Problem requirements:
From the records below, extract only the lines running from the line with "calcium absorption" to the line with "MUC2 Antibody", both lines included, reproducing them exactly.

=== Material supplied ===

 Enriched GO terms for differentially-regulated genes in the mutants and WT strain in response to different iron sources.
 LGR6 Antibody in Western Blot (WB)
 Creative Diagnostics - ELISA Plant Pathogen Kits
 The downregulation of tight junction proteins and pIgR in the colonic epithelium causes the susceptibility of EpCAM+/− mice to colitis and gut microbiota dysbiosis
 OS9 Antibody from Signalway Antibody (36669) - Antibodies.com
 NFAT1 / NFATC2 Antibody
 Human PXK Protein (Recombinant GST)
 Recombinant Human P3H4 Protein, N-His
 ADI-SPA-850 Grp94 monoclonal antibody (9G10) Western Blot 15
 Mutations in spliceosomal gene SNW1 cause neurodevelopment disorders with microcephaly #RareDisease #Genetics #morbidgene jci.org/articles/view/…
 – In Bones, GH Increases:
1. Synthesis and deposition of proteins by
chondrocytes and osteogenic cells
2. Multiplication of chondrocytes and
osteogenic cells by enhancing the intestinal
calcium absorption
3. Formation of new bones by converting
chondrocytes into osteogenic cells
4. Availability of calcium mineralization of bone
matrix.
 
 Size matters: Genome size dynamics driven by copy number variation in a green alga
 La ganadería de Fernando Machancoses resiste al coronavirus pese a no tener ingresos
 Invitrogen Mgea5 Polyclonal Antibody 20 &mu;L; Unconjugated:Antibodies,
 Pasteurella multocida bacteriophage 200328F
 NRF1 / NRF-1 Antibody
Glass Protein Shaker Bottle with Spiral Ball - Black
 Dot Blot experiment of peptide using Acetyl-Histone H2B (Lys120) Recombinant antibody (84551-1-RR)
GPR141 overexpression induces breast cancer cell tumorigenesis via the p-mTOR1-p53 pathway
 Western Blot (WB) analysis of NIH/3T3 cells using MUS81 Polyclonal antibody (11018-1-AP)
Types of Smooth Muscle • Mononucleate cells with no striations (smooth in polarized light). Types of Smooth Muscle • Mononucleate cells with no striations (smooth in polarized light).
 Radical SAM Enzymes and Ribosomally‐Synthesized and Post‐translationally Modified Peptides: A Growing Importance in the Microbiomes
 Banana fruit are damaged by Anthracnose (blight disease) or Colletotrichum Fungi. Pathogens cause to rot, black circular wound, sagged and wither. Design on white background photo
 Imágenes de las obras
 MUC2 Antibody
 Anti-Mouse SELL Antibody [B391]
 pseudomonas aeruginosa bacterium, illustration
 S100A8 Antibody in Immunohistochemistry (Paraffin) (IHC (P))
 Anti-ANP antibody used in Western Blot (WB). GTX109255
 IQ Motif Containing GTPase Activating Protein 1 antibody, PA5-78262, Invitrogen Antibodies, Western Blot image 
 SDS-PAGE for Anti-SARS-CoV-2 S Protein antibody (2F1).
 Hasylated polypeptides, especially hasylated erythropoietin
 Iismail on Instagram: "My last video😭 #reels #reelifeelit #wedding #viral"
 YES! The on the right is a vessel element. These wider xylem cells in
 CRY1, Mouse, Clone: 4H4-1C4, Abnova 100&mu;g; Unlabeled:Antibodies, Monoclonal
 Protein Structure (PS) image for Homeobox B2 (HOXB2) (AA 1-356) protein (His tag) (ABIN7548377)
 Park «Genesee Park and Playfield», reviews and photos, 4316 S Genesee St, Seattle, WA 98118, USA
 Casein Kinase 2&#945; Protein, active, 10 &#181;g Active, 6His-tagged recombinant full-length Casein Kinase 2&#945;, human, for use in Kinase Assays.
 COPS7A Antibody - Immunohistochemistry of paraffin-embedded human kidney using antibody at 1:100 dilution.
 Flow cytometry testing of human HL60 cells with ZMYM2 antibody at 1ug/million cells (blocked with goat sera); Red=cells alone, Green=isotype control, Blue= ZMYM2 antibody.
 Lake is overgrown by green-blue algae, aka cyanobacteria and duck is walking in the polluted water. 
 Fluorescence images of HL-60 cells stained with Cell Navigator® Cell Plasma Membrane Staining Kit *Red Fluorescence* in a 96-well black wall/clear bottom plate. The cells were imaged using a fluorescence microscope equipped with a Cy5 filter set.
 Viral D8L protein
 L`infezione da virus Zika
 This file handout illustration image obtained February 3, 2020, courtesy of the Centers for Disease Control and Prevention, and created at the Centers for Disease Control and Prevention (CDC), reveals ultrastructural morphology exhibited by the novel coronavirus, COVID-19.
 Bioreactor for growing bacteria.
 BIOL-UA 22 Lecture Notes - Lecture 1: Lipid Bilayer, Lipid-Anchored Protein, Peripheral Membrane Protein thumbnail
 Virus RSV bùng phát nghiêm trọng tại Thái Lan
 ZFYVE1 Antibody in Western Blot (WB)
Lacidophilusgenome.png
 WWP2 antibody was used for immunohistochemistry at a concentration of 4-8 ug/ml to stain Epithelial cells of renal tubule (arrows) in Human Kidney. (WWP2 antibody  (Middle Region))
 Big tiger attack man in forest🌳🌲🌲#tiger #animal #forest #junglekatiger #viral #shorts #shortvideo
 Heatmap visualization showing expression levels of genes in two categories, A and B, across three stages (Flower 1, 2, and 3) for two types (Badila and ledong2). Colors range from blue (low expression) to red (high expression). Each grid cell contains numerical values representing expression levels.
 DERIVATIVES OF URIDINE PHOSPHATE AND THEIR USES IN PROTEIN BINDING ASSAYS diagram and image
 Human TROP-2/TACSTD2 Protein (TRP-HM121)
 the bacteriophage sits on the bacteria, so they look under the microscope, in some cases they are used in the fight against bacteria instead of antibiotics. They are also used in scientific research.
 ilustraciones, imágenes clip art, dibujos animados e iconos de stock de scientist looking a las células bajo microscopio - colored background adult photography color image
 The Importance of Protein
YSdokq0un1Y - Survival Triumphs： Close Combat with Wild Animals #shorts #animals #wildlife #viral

===

Result of this exercise:
calcium absorption
3. Formation of new bones by converting
chondrocytes into osteogenic cells
4. Availability of calcium mineralization of bone
matrix.
 
 Size matters: Genome size dynamics driven by copy number variation in a green alga
 La ganadería de Fernando Machancoses resiste al coronavirus pese a no tener ingresos
 Invitrogen Mgea5 Polyclonal Antibody 20 &mu;L; Unconjugated:Antibodies,
 Pasteurella multocida bacteriophage 200328F
 NRF1 / NRF-1 Antibody
Glass Protein Shaker Bottle with Spiral Ball - Black
 Dot Blot experiment of peptide using Acetyl-Histone H2B (Lys120) Recombinant antibody (84551-1-RR)
GPR141 overexpression induces breast cancer cell tumorigenesis via the p-mTOR1-p53 pathway
 Western Blot (WB) analysis of NIH/3T3 cells using MUS81 Polyclonal antibody (11018-1-AP)
Types of Smooth Muscle • Mononucleate cells with no striations (smooth in polarized light). Types of Smooth Muscle • Mononucleate cells with no striations (smooth in polarized light).
 Radical SAM Enzymes and Ribosomally‐Synthesized and Post‐translationally Modified Peptides: A Growing Importance in the Microbiomes
 Banana fruit are damaged by Anthracnose (blight disease) or Colletotrichum Fungi. Pathogens cause to rot, black circular wound, sagged and wither. Design on white background photo
 Imágenes de las obras
 MUC2 Antibody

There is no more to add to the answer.